Plateformes de dématérialisation : sécurisation des échanges par les tiers de confiance
La plupart des procédures de marchés publics passent à présent par des profils acheteurs et plateformes spécialisées comme PLACE, AWS ou e-MarchesPublics. Ces outils proposent généralement des dispositifs de sécurité intégrés tels que :
- Connexion par certificat numérique
- Journalisation des échanges
- Historique des dépôts
- Notifications automatiques en cas d’anomalie
Il est essentiel de s’assurer que la plateforme utilisée dispose d’une certification de sécurité conforme à la législation française.
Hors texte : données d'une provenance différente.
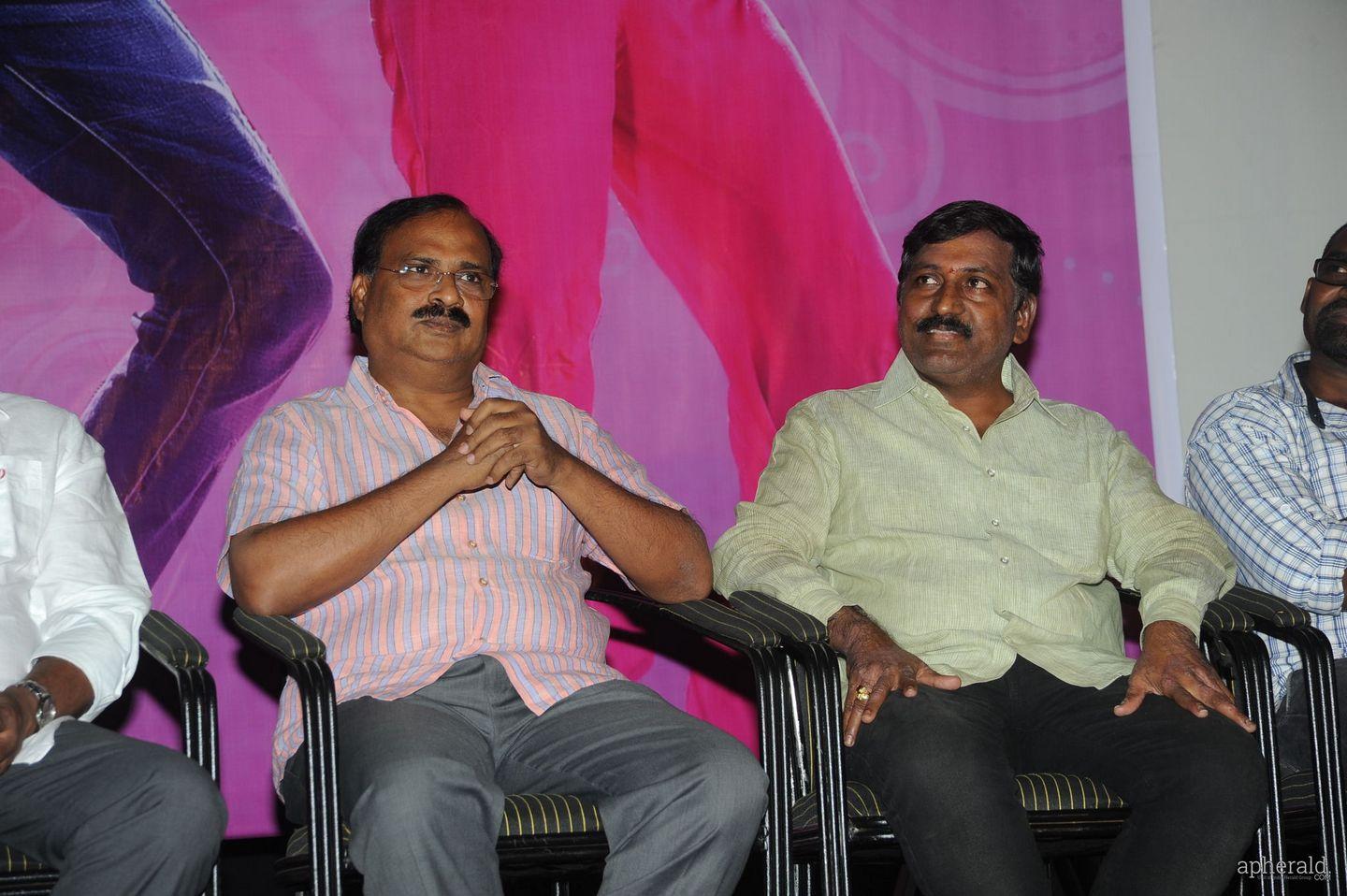 Vinavayya Ramayya Trailer Launch Pics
En cas de doute, il est recommandé de contacter le service technique et de vérifier les mentions légales et politiques de confidentialité de l’outil de publication.
Cybersécurité et critère d’attribution des marchés publics
De plus en plus, la cybersécurité devient un critère d’analyse des offres dans le cadre des marchés publics. En effet, les acheteurs tiennent compte de la robustesse des dispositifs techniques mis en œuvre pour garantir la confidentialité, l’intégrité et la disponibilité des données échangées.
Les entreprises peuvent ainsi valoriser leur démarche de protection des informations sensibles pour marquer des points lors de l’évaluation technique ou organisationnelle. Les certifications, comme la norme ISO/IEC 27001, les audits de sécurité externe ou les partenariats avec des fournisseurs cloud certifiés, peuvent faire la différence au moment de l’attribution.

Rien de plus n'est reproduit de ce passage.